Once the line holding "this 640×480 image." is found in the entries below, restate it and each line after it word for word, with no pictures.
[Start of section]
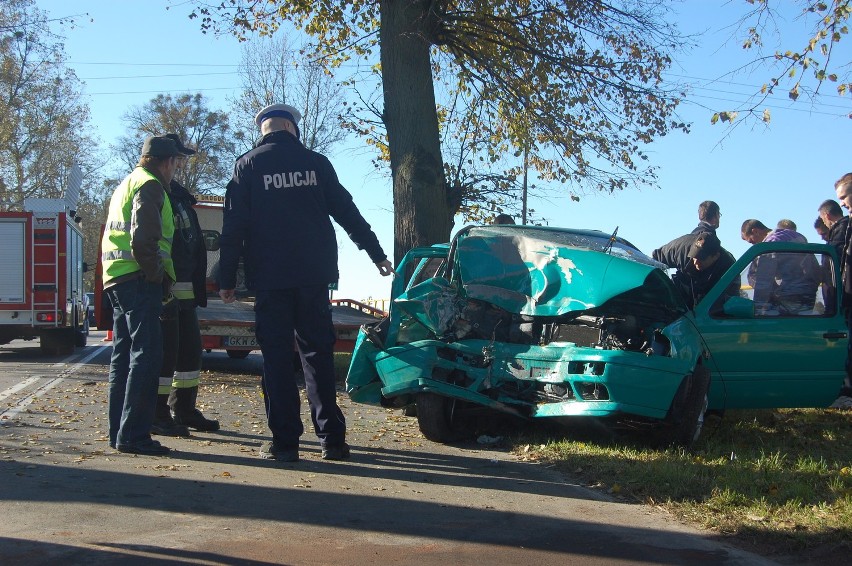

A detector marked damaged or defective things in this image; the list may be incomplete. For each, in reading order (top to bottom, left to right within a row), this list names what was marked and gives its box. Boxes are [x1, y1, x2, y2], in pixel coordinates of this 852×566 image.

crumpled car hood [392, 226, 680, 330]
wrecked green car [346, 226, 844, 448]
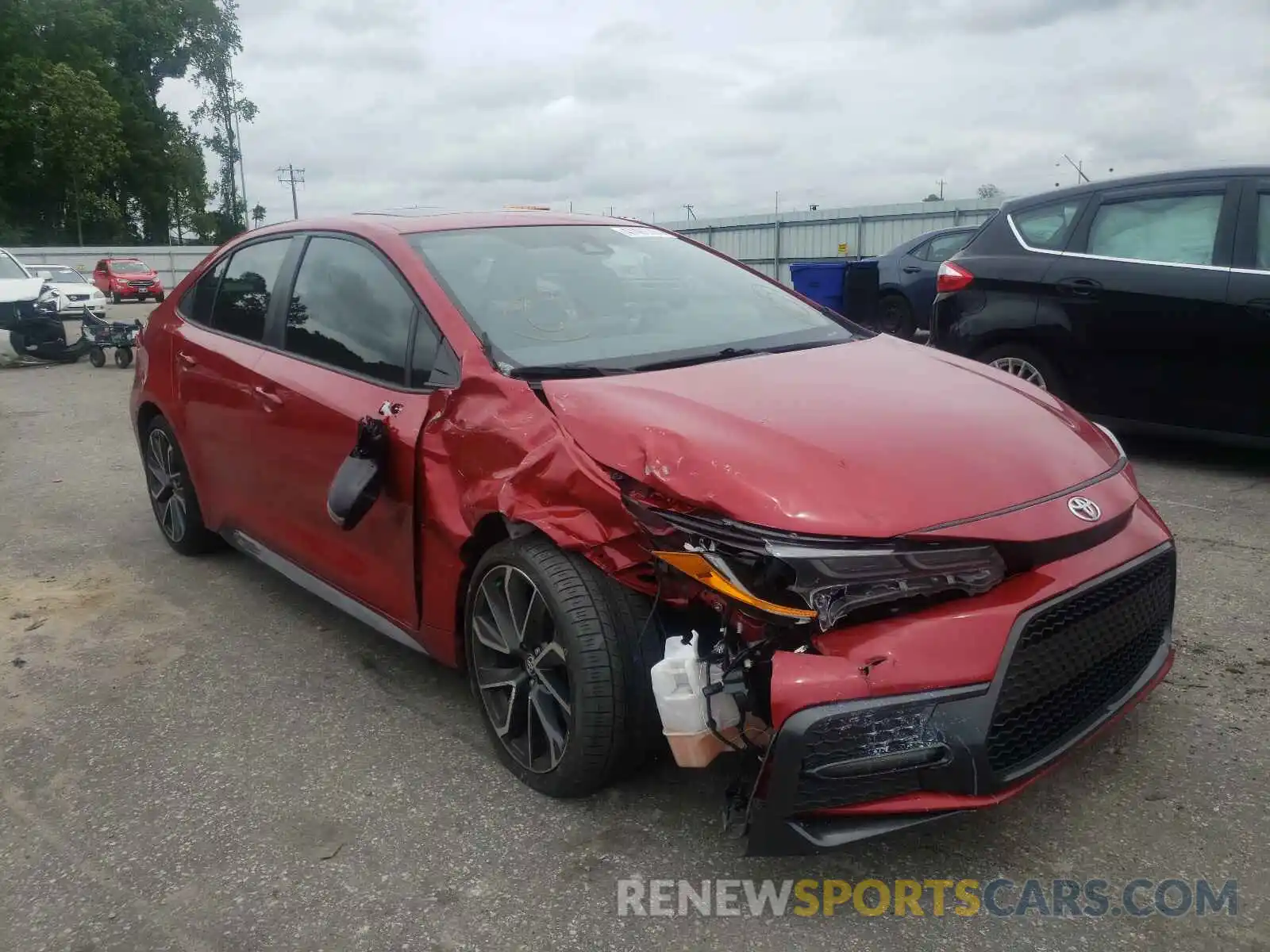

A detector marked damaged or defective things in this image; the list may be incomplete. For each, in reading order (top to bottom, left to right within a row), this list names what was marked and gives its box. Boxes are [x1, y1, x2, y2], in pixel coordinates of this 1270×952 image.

damaged red toyota corolla [132, 214, 1181, 857]
broken headlight [629, 498, 1010, 631]
cracked hood [540, 336, 1118, 539]
detached bumper cover [749, 543, 1175, 857]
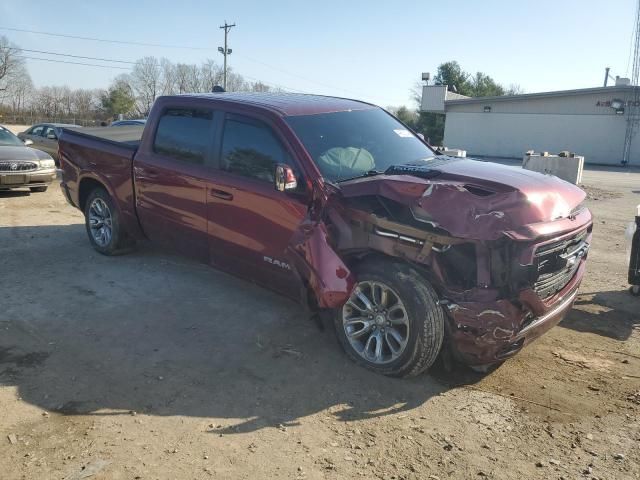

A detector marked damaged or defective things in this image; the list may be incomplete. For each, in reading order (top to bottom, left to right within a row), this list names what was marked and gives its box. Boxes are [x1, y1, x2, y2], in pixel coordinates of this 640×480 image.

crumpled hood [0, 145, 50, 162]
crumpled hood [340, 157, 592, 240]
damaged front end [290, 159, 596, 366]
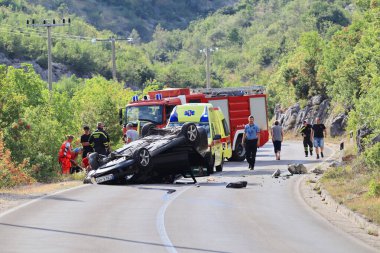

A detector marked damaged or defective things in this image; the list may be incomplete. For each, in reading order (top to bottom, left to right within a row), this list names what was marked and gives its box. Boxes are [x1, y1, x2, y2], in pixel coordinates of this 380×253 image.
[End of section]
• Response to this exercise:
A detector marked damaged or defective things in this image; the list may be incomplete. For each, in reading order (top to bottom, left to right within a row), this list names what was marked and gives its box. Boxes are [x1, y1, x2, y2], in pixel coordinates of this 640×480 image.

crumpled hood [0, 145, 50, 162]
crumpled hood [340, 157, 592, 240]
damaged front end [290, 159, 596, 366]

A detector marked damaged or defective things in this image; the list may be incomplete. For each, in reading order (top to bottom, left to right within a row), this list names what was marked and gives its box. Boxes are [x1, y1, x2, y2], in pixel coordinates of this 380×253 image.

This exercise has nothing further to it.